A hydrometer is another common method for testing the cooling system. It works by checking specific gravity of the coolant. Hydrometers check the PH levels of the coolant and turn the strip to a varying shade of green. This color indicator is matched to a scale, indicating the level of temperature protection. If you use a hydrometer, be sure that it is made for Ethylene Glycol coolant.

Recommendations and Tips

Depending on the type of coolant your cooling system originally contained, you should use either Ford Premium EG (green) coolant (P/N E2FZ-19549-AA Ford reference number VC-4-A), an equivalent that meets specification ESE-M97B44-A, or Motorcraft Premium Gold Coolant meeting specification WSS-M97B44-D 
Maintain a 50/50 mix using distilled water. Water that has minerals in it (or hard water) should not be used. The minerals will lower the boiling point and can increase corrosion in the system. 
Under normal driving conditions, the green EG coolant should be changed at 48 months or 50,000 miles for the first time, then every 36 months or 30,000 miles every time after. SCAs must be added and maintained with this coolant. 
If your cooling system is equipped with Motorcraft Premium Gold Engine Coolant (reference number VC-7-A), your coolant should be changed every 100,000 miles or 5 years, and no SCA added. Coolant may need to be changed more frequently if vehicle is under harsh driving conditions such as towing, heavy loads or operating in extreme temperatures.
__________________


----------



## dj89 (Oct 16, 2008)

Ok I read that, but still confused. It says that the green stuff is ok?.... But it also says i should use the red. What do i need to use?


----------



## dj89 (Oct 16, 2008)

Im gonna see if i can find this Zerex G-05


----------



## timberjack (Dec 21, 2000)

I don't think you should go mixing and matching. FWIW - I'd drain the red stuff if you can't confirm how long it's been there, or if it's the proper coolant for your truck.

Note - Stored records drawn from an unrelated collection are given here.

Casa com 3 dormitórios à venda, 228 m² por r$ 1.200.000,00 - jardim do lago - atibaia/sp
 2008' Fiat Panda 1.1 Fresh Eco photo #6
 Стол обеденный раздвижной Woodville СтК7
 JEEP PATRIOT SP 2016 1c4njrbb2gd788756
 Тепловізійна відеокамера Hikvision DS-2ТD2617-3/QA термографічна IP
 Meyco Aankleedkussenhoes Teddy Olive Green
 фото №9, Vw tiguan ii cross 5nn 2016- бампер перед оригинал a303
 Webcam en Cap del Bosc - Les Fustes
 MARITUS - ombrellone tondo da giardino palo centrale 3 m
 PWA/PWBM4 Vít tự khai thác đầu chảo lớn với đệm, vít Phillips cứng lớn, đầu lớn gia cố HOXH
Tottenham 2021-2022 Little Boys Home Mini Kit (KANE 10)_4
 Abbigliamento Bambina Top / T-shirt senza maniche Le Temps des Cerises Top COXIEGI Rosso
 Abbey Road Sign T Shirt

I use a "low silicate" meant for diesel engines. Green, bought at the local Peterbilt dealer (best price in town). Mixed in a 50-50 ratio with deionized water. Add the proper amount of SCA.

The gold motorcraft coolant is meant for later Powerstroke engines, my '07 uses it, costly too. The local ford dealer charged me $24 for a gallon, compared to $8 per gallon of the "Pete" green stuff.

I was told not to use the gold in my 96 by a Ford service tech i know. As i recall, he said "just use green coolant meant for diesels, and you'll be fine for the long haul." My 96 has 118k miles on it now, not much for 15 years, but never had cooling system troubles, Have drained and flushed twice, just on a per year basis, not miles. Still on original waterpump, and only one thermostat change so far.

A-ha - This sentence in the 7th paragraph of Reliable Snow and Ice's post says it all.
"*All 2001 model year and prior Power Stroke Diesel engines are not compatible with extended life coolant. *" Go with the green coolant, not the gold.


----------



## dj89 (Oct 16, 2008)

I put the prestone green stuff in. I need to take it out and get stuff for diesels.... right


----------



## Deere444H (Sep 5, 2006)

No green coolant is what Should be in that truck. there is no special diesel coolant. just additives. Green was used in the 7.3 untill late 02 to early 03. Motorcraft GOLD, is not compatible with green. It makes a nasty brown sludge. You do how ever want to add an anti-cavitation additive. I know you can get it at the ford dealer, and international dealer. The green coolant dose not have it in it. The gold dose. BUT...... the two cannot be mixxed so, just add to it. My personal truck has CAT. Pink in it............. The person that owned it before me used it after doing the oil pan, all i have done is added the anticavitation additive. no problems yet.


----------



## dj89 (Oct 16, 2008)

I put Prestone® Extended Life Antifreeze/Coolant and Prestone® Cooling System Antifreeze Treatment is that ok? or do i need to drain it?


----------



## Deere444H (Sep 5, 2006)

that should be ok. I would check the bottle and see if it speaks of anti-cavitation? Im personaly not famillar with the prestone additive. but the coolant is fine, green is green. and prestone is not a bottom shelf brand, so i wouldent be concerned with that.


----------



## timberjack (Dec 21, 2000)

dj89;1119205 said:


> I put the prestone green stuff in. I need to take it out and get stuff for diesels.... right


Not necessarily. If you still have one of the jugs around, you should check the label to confirm it's "Low Silicate" coolant. Some green doesn't have that designation, but i've been hard pressed to see it lately, probably due to the big use of long life coolants in cars.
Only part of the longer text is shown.